- Film poster
- Written by: Tim O'Brien Thomas Michael Donnelly
- Directed by: Thomas Michael Donnelly
- Starring: Kiefer Sutherland; Skeet Ulrich; Georgina Cates;
- Music by: Gary Chang
- Original language: English

Production
- Executive producer: Marianne Moloney
- Producer: William S. Gilmore
- Cinematography: Jacek Laskus
- Editor: Anthony Sherin
- Running time: 112 minutes
- Production companies: Showtime Networks Moloney/Donnelly Productions

Original release
- Network: Showtime
- Release: November 8, 1998

= A Soldier's Sweetheart =

A Soldier's Sweetheart is a 1998 television film directed by Thomas Michael Donnelly and starring Kiefer Sutherland, Skeet Ulrich, and Georgina Cates. It is based on a short story by Tim O'Brien, "Sweetheart of the Song Tra Bong." The story was part of his book, The Things They Carried (1990).

==Cast==
- Kiefer Sutherland as Bob "Rat" Kiley
- Skeet Ulrich as Mark Fossie
- Georgina Cates as Marianne Bell
- Daniel London as Eddie Diamond
- Louis Vanaria as Bobbie "Bobbie D"
- Lawrence Gilliard, Jr. as "Shoeshine"
- Christopher Birt as Lieutenant Mitchell Sanders
- Tony Billy as Soldier #2

==Production==

The film was shot in New Zealand, at Studio West in West Auckland.

==Release==
The film is only available on VHS, and a petition has been set up at IMDb urging the companies that own the rights to the film to consider reissuing it in DVD format. It was also premiered at the Seattle International Film Festival in 1998. The film received a theatrical release in Belgium in 2010.

==Reception==
Bob Batz from Dayton Daily News gave A Soldier's Sweetheart a very positive review, stating: "The film, based on Tim O'Brien's award-winning short story Sweetheart of the Song Tra Bong, is a brutal, often bloody story of the Vietnam War and how it changed many of the men - and women - who were part of it. It is filled with excellent dialogue and has enough plot twists to keep viewers riveted to their easy chairs for the entire two hours."
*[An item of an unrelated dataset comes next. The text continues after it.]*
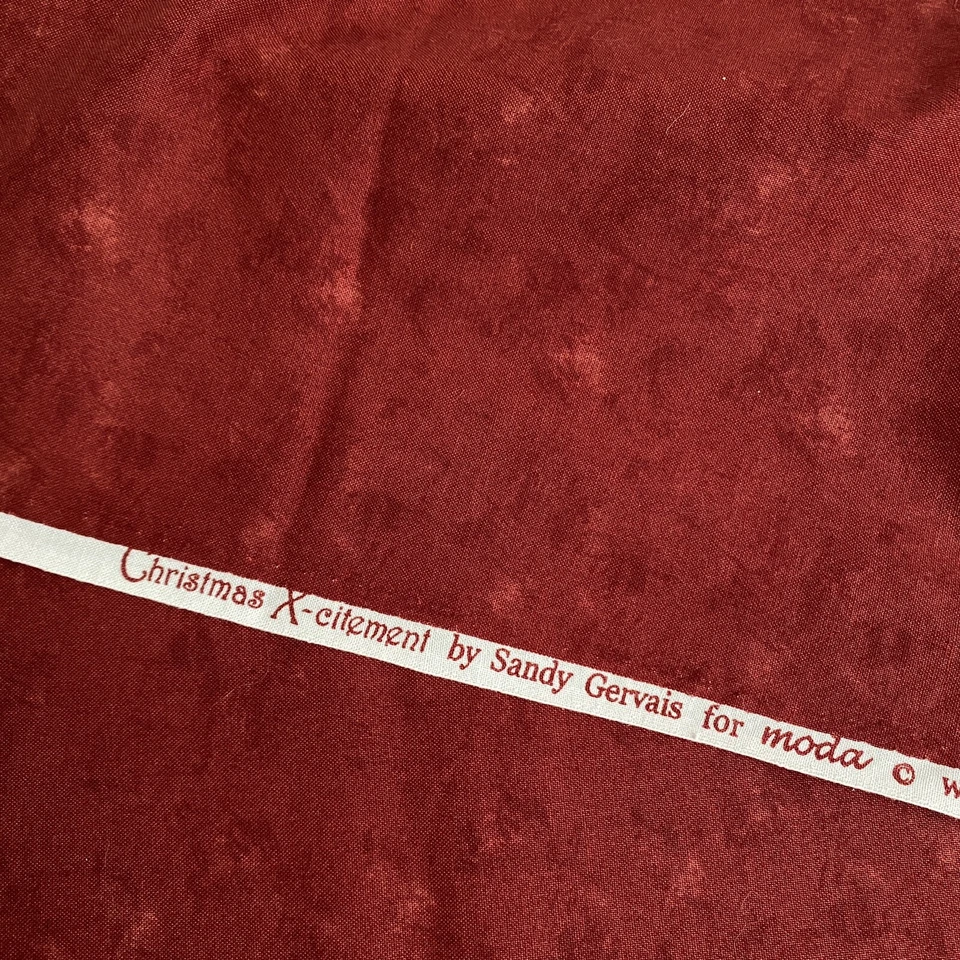 Christmas X-citement Sandy Gervais Burgundy Red Moda Cotton Quilting Fabric - Image 2 of 4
Ken Eisner from Variety magazine also gave the film a good review, concluding: "Just when you think all the basic Vietnam stories have been told, helmer Thomas Michael Donnelly puts a new spin on America's lost cause by viewing it from a female angle. Striving for mythic levels — although there's plenty of scary grit to it — "A Soldier's Sweetheart" taps into an aspect of warfare that transcends gender. Subject, then, is a difficult one, but extremely well-mounted pic could resonate with women if Paramount can find a way to package it for theatrical release".

A Soldier's Sweetheart was nominated for two awards. One Primetime Emmy Awards for "Outstanding Sound Editing for a Miniseries, Movie or a Special" and one Golden Reel Awards for "Best Sound Editing - Television Movies of the Week - Dialogue & ADR".